**EXERCISE DESCRIPTION:** Look through the entries below and copy exactly the part that begins with the line containing "Industrial in Plaisir" and ends with the line containing "menjadi nonsubsidi.". Do not copy the pictures.

**RECORDS PROVIDED:**
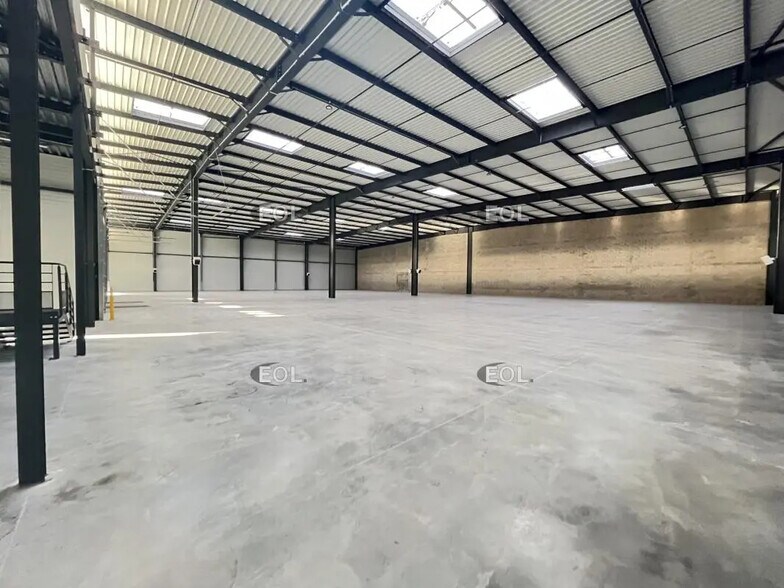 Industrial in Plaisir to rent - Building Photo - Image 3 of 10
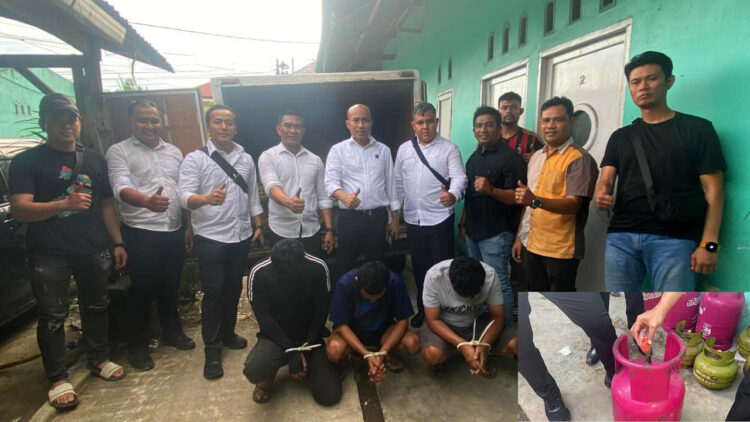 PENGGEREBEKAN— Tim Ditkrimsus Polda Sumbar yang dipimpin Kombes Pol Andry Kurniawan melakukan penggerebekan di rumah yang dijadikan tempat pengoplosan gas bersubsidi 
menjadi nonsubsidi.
---
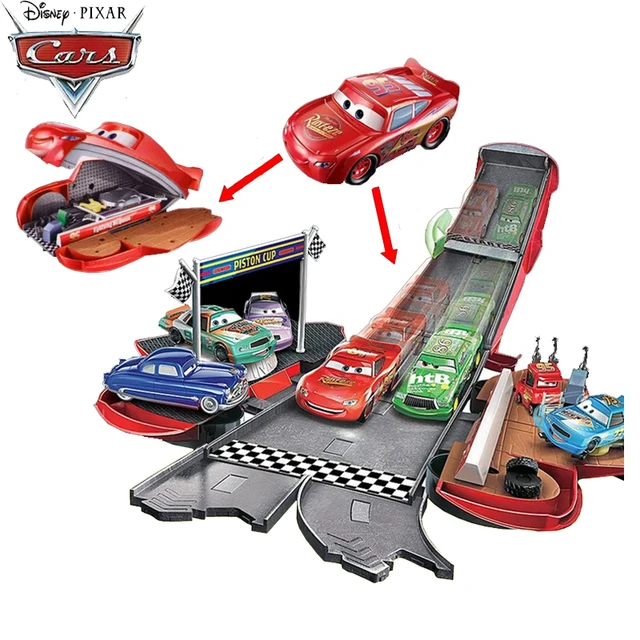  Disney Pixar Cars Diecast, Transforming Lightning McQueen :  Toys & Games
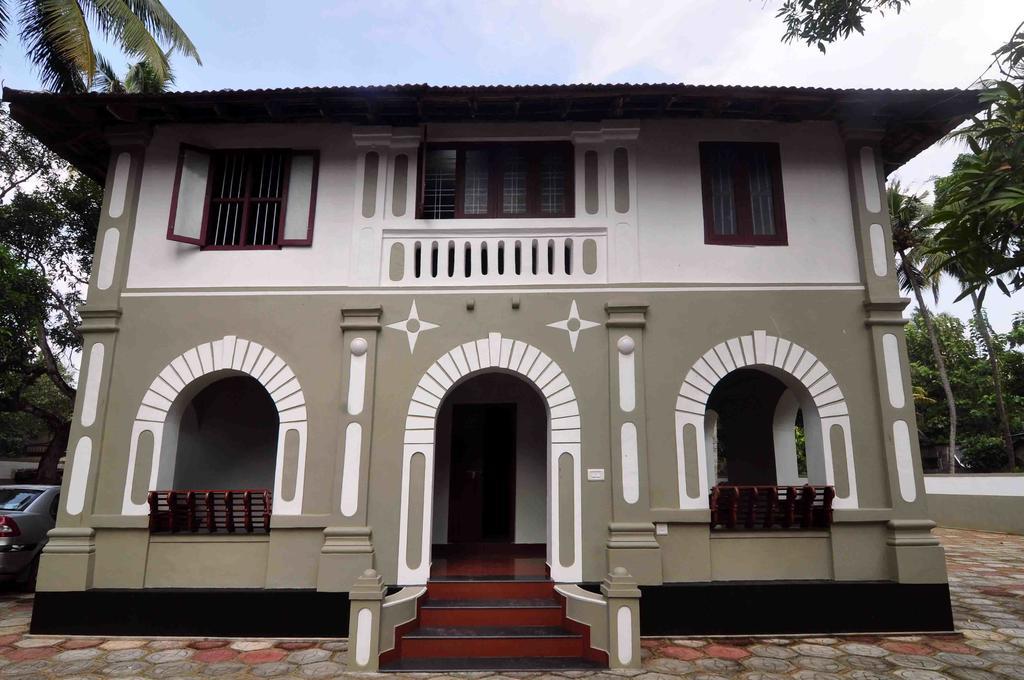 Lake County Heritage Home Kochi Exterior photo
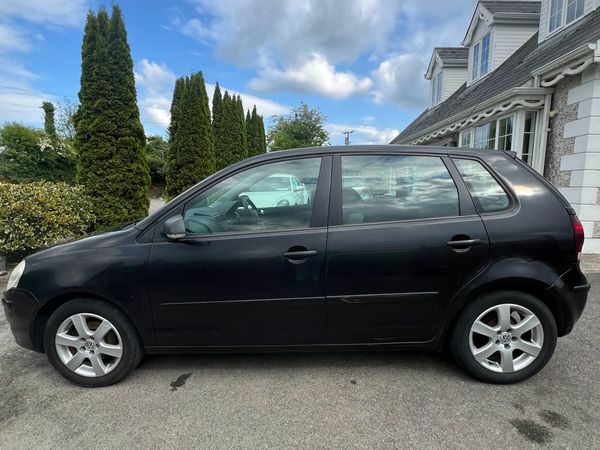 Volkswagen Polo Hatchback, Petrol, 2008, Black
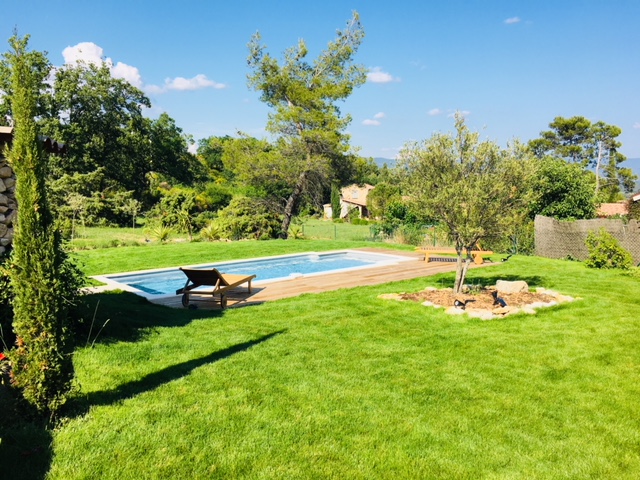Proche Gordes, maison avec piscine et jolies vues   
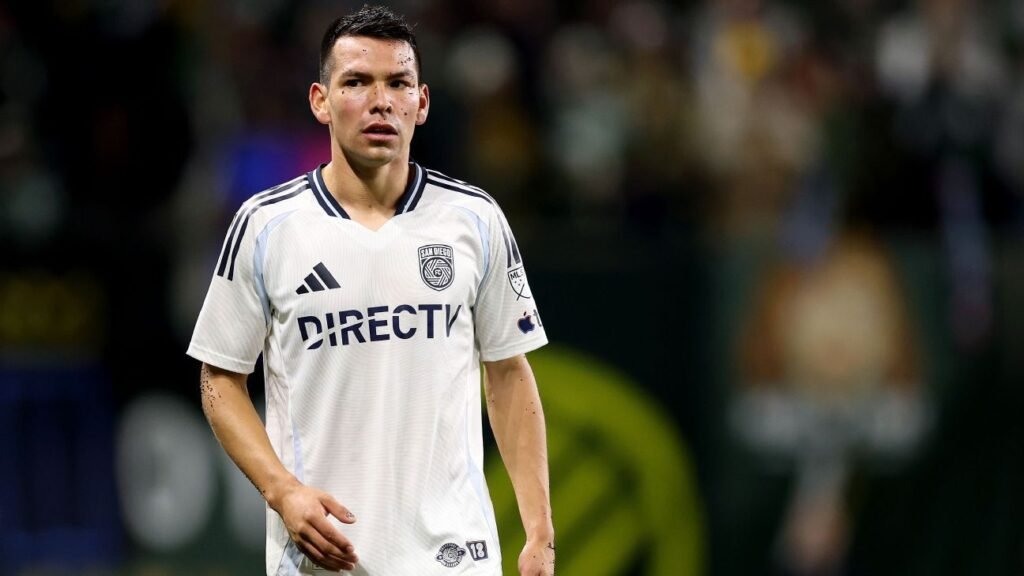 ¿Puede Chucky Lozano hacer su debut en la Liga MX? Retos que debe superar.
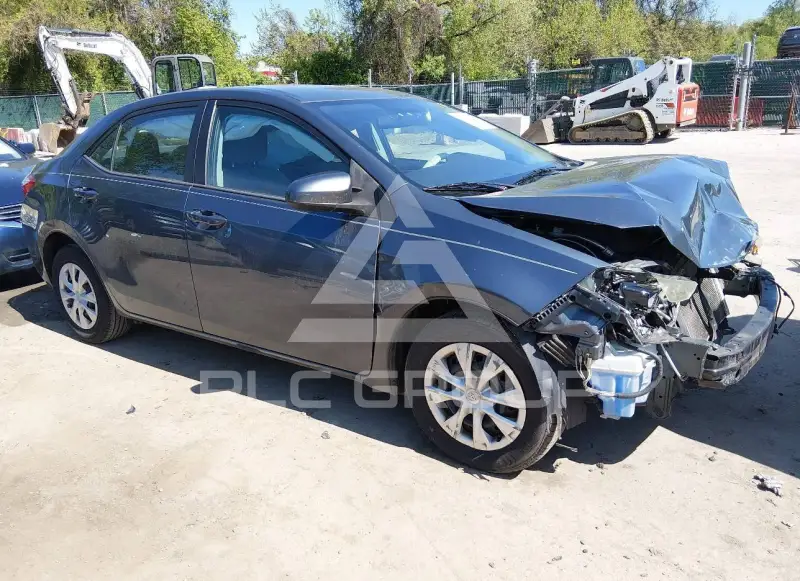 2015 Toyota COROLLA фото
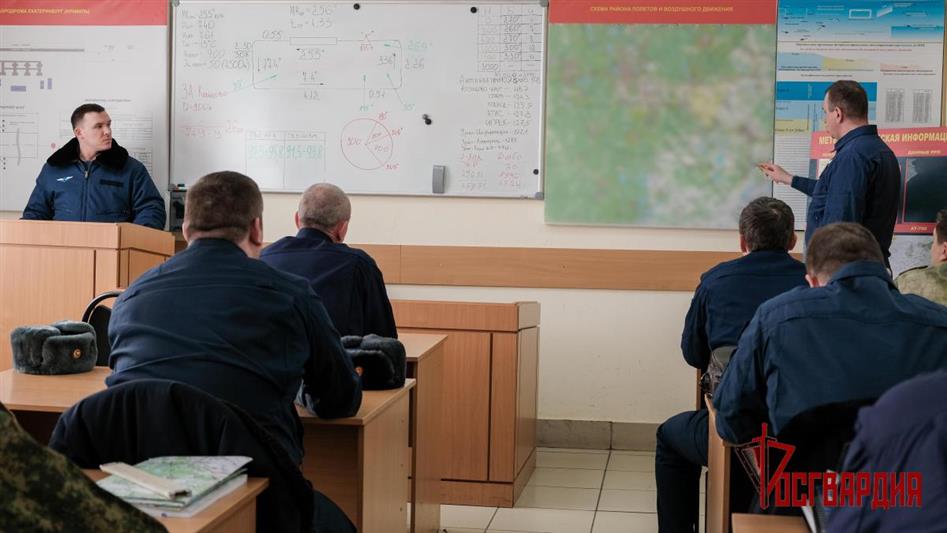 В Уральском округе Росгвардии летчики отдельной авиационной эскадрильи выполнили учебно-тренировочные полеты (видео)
* * *
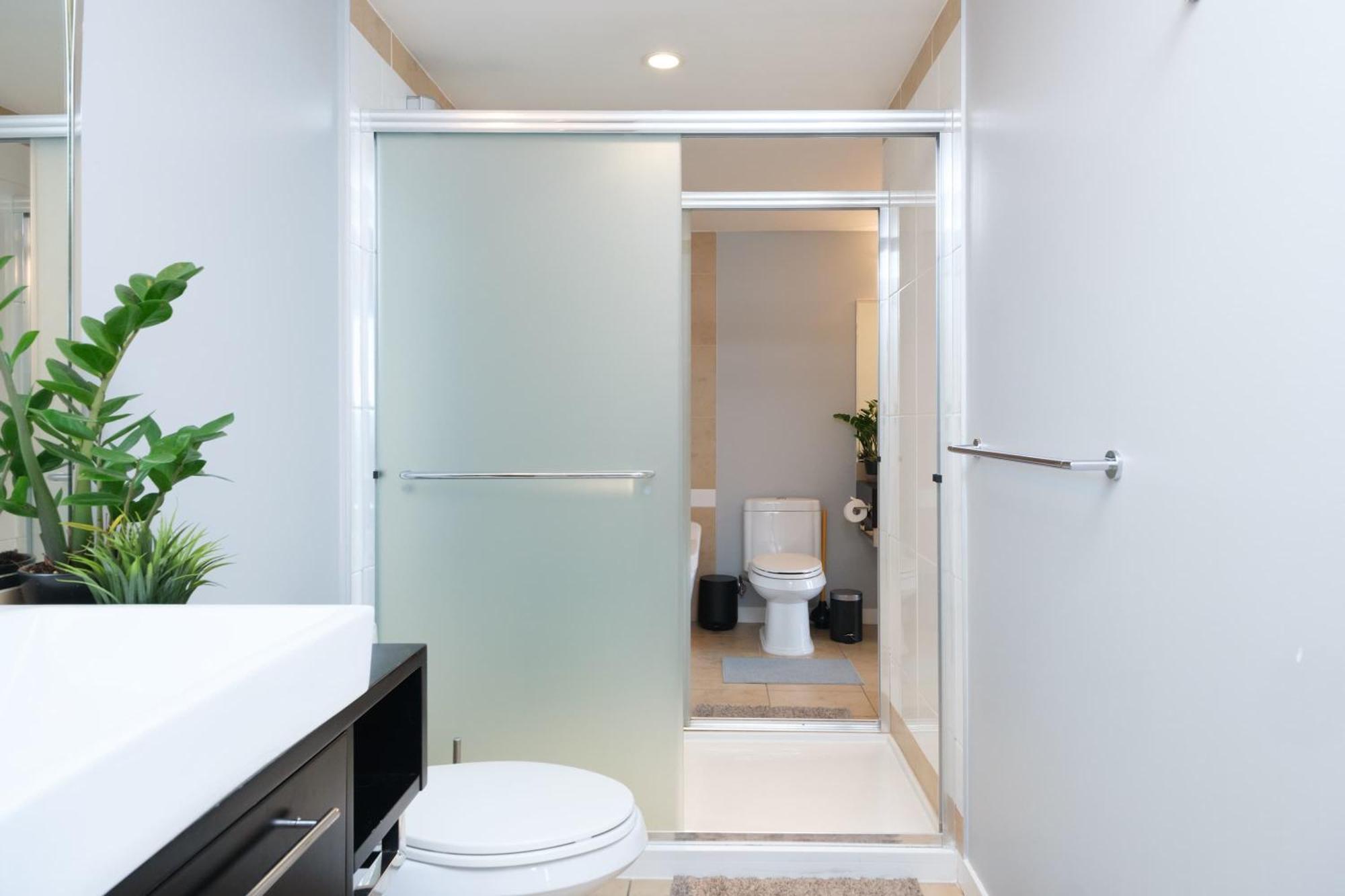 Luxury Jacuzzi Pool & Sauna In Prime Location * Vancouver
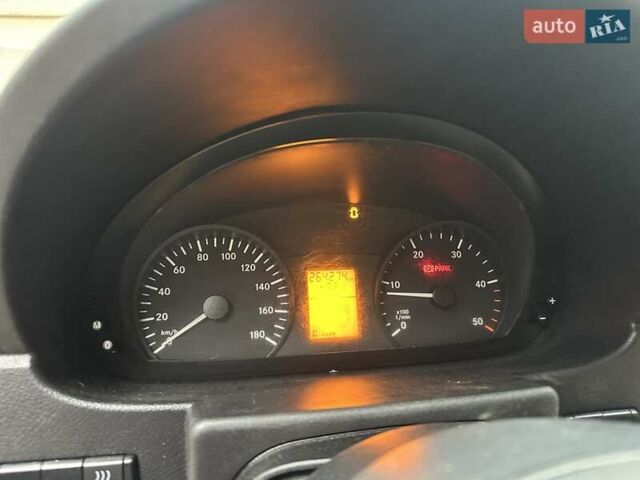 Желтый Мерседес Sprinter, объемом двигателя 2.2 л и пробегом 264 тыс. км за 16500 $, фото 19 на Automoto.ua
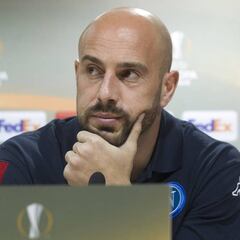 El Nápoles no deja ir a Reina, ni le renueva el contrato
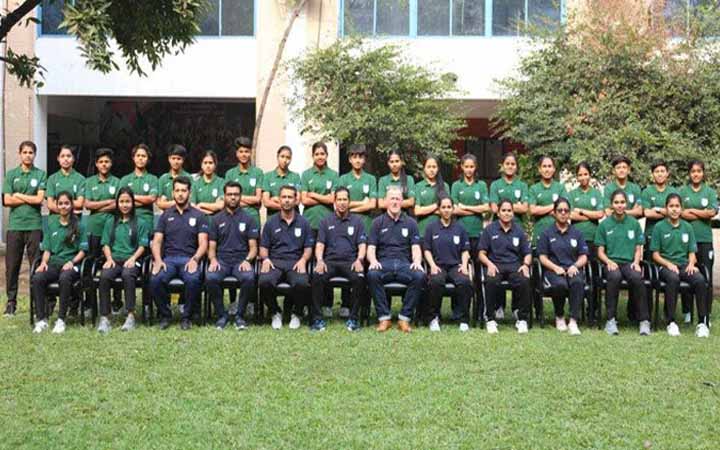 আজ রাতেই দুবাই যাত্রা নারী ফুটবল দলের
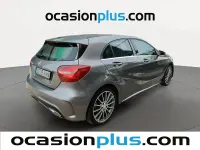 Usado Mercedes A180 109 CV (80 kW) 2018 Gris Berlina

**WRITTEN ANSWER:**
 Industrial in Plaisir to rent - Building Photo - Image 3 of 10
 PENGGEREBEKAN— Tim Ditkrimsus Polda Sumbar yang dipimpin Kombes Pol Andry Kurniawan melakukan penggerebekan di rumah yang dijadikan tempat pengoplosan gas bersubsidi 
menjadi nonsubsidi.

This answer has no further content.